Benchmarking Retpoline-Enabled GCC 8 With -mindirect-branch=thunk
We have looked several times already at the performance impact of Retpoline support in the Linux kernel, but what about building user-space packages with -mindirect-branch=thunk? Here is the performance cost to building some performance tests in user-space with -mindirect-branch=thunk and -mindirect-branch=thunk-inline.
Retpoline support was added this weekend to GCC 8 and has since been back-ported so far to GCC 7 that along with the CONFIG_RETPOLINE changes in the Linux kernel are used for mitigating Spectre Variant Two. The -mindirect-branch=thunk option added to the GNU Compiler Collection is used to convert an indirect call and jump to call and return thunks. There's also the -mindirect-branch=thunk-inline for converting indirect calls and jumps to an inlined call and return thunk. By default GCC isn't enabling -mindirect-branch but the default value is "keep" to keep indirect calls unmodified.
Retpoline-patched kernels automatically make use of -mindirect-branch=thunk in the kernel build when available for full kernel protection. But you can also build user-space packages with -mindirect-branch=thunk to avoid speculative indirect calls within application code. Curious about the impact, I ran tests of some user-space benchmarks when adding to the CFLAGS/CXXFLAGS -mindirect-branch=thunk and then -mindirect-branch=thunk-inline.

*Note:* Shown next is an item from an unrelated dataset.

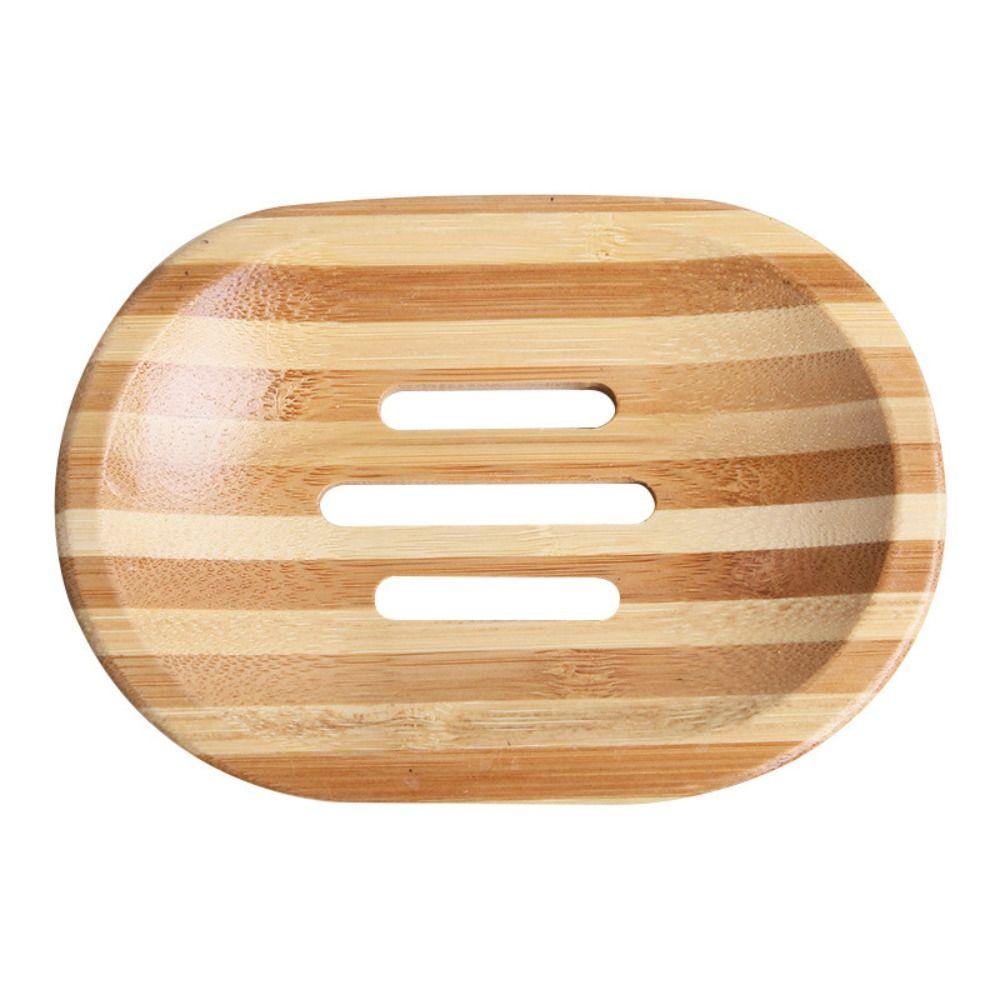 Square Drainer Bamboo Soap Holder Durable Soap Tray Home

During this round of compiler benchmarking on the Intel Core i9 7980XE running Debian 9.3 it was using a Linux 4.15 Git kernel built with GCC 8.0.1 and full Retpoline protection as well as the yet-to-be-merged RETPOLINE_UNDERFLOW support for Skylake and Kabylake systems. KPTI is also present. The GCC 8.0.1 compiler used for building this kernel and the various benchmarks with the different compiler flags was built from SVN/Git as of 15 January. All of these benchmarks carried out using the Phoronix Test Suite.